Huge has had management turnover recently; Koziol recently replaced longtime CEO Aaron Shapiro. According to former and current employees, Huge is trying to add in “integrated” offerings, so it can break out of the digital agency mold and get the kind of budgets it used to command. Competition is coming not just from consultancies and marketers’ own teams, but also so-called full-service shops like Droga5 or 72andSunny that are also making digital an obvious centerpiece of their businesses. There is some “existential discomfort,” said one former Huge employee; many people who signed on to one kind of company are suddenly finding a sea change afoot. Huge isn’t doing badly. It posted, according to insiders, 12 percent growth this year, which is better than the industry as a whole, but still its slowest year since the recession. The agency also recently closed some offices and had a couple of rounds of layoffs.
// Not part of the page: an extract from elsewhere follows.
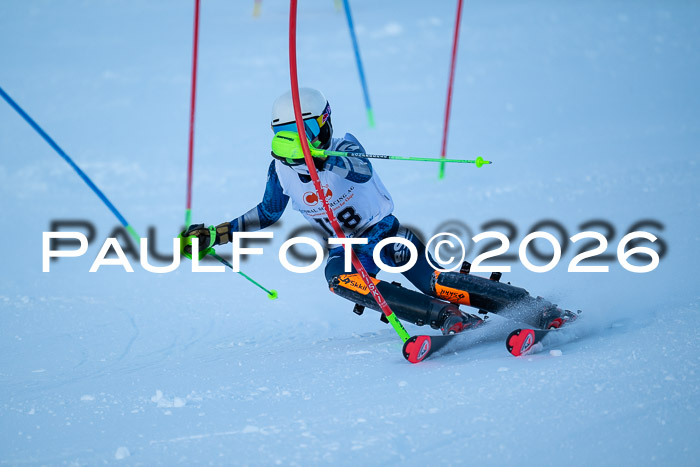 München MINI Cup 2. Willi Wein Gedächtnisrennen SL, 04.01.2026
Huge is now trying to do much more physical design as well as product design, said Koziol. As for media buying, Koziol demurred. “Maybe,” he said.
“Anyone whose heritage is in tactical and execution is going to be in trouble,” said Koziol. Koziol maintained that Huge was all about having a “POV” — that point of view was that it was about customer experience and what the end user needed. “Yes, at some point, it was designing and building websites,” he said, but the idea is the POV legacy will shape Huge even as it goes beyond that.
Agencies as a whole continue to underperform, with holding companies posting a slew of sluggish growth results. According to Ad Age, total U.S. agency revenue growth was 1.8 percent last year, the slowest since the post-recession era of 2010. According to the latest agency report by Ad Age, digital work is growing — and there’s plenty of it. For the first time, “digital” accounted for more than half of total U.S. agency revenue last year.
The other big concern is consultancies. The biggest “digital network” on Ad Age’s list is Accenture Interactive, which also came in at No. 6 among the largest agency companies overall. Consultancies, said Wieser, tend to have much more exposure to “pure-play digital activity” that is able to siphon off more digital budgets from existing clients, whether inside the agency already or the parent company.
According to Gartner, which earlier this week released its annual “magic quadrant” looking at digital agencies, the leader in the group was Accenture Interactive. Gartner said Accenture Interactive is better suited to bring its core consulting strengths into “digital transformational” initiatives than most others.
Just take a look at Accenture Interactive’s growth in the past year. In 2017, the agency added industrial design capabilities and opened a “digital hub” in Singapore. It also acquired agencies SinnerSchrader, The Monkeys and Wire Stone, to name a few. It’s clear where Accenture Interactive’s energies lie: In a statement, the company’s chief marketing and communications officer said that as clients look for agencies that are “built from the ground up for the digital world,” that’s where Accenture excels. “Digital agencies are seeing a lot of competition from management consultants,” said Watts. The key, she said, is now to offer services that do command a premium, like strategic services.
“All in all, what is happening is that the last decade of digital services is essentially over,” said the former digital agency employee. “The challenge and opportunity is now to invent a new set of service to meet the future needs of companies.”